In this module, you download your dataset, preprocess the dataset, separate the dataset into training and validation, then stage the dataset in your Amazon S3 bucket.

Time to Complete Module: 20 Minutes

Your ML model will be trained on the 20newsgroups dataset that contains 20,000 newsgroup posts on 20 topics. The 20newsgroups dataset is curated by Carnegie Mellon University School of Computer Science and publically available from scikit-learn.

  • Step 1. Fetch the dataset

    To prepare the data, train the ML model, and deploy it, you must first import some libraries and define a few environment variables in your Jupyter notebook environment. Copy and paste the following code into the code cell in your Jupyter notebook instance and choose Run.

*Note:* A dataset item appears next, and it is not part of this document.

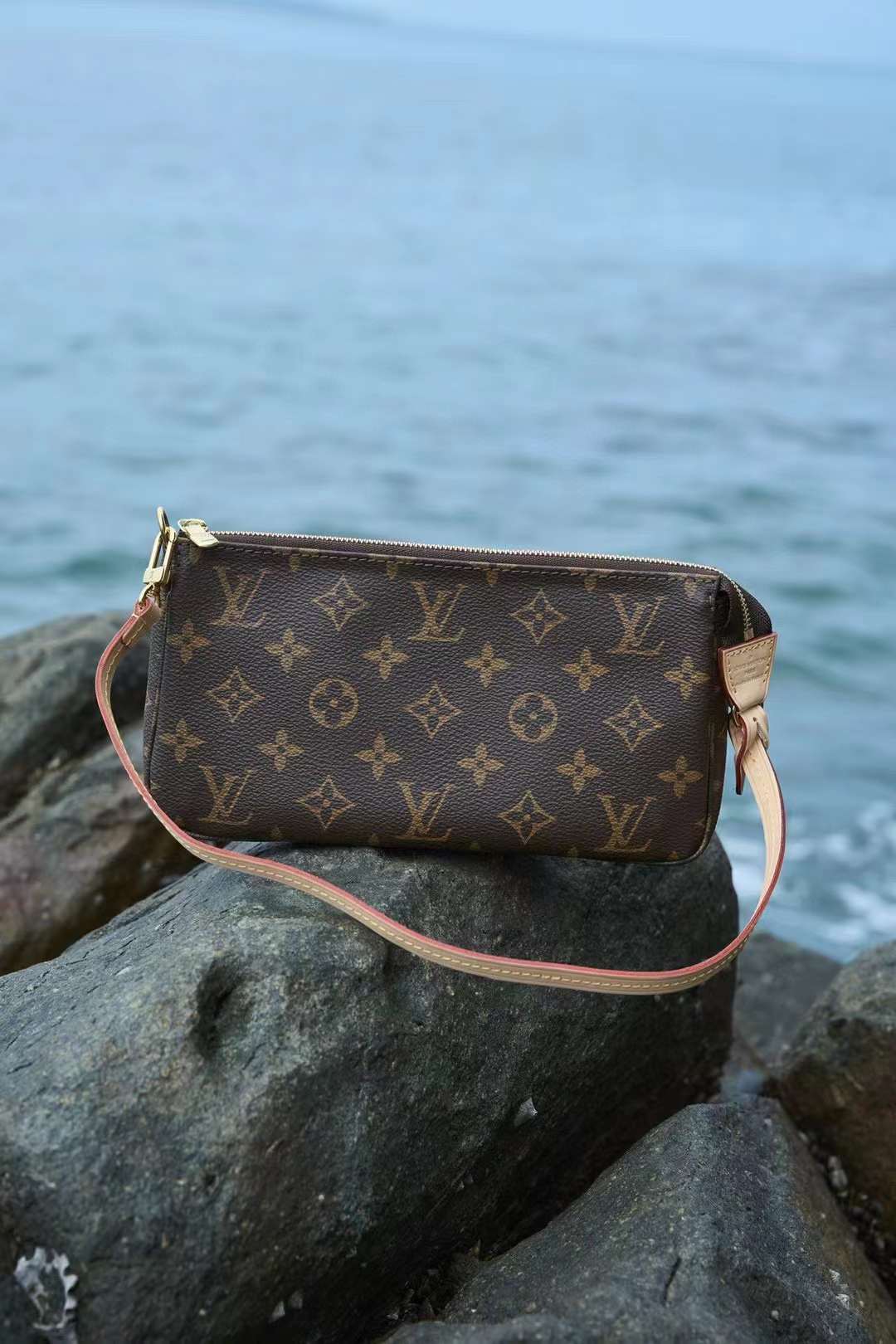 LV POCHETTE ACCESSOIRES 中古麻將包 最新芯片版本 M40712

    Note: Make sure to replace the BUCKET name sagemaker-xx with the name of your S3 bucket.

    import numpy as np
    import os
    import matplotlib.pyplot as plt
    import sagemaker
    import seaborn as sns
    from sklearn.datasets import fetch_20newsgroups
    from sklearn.datasets.twenty_newsgroups import strip_newsgroup_header, strip_newsgroup_quoting, strip_newsgroup_footer
    newsgroups_train = fetch_20newsgroups(subset='train')['data']
    newsgroups_test = fetch_20newsgroups(subset = 'test')['data']
    NUM_TOPICS = 30
    BUCKET = 'sagemaker-xx'
    PREFIX = '20newsgroups'

    While the code runs, an * appears between the square brackets. After a few seconds, the code execution completes, the * is replaced with the number 1.


    (Click to enlarge)


    The scikit-learn dataset is naturally broken down into a training set and a test set. You complete some preprocessing on the test set, then set it aside for use only for testing. You split the training set into training and validation sets to test the model performance during training.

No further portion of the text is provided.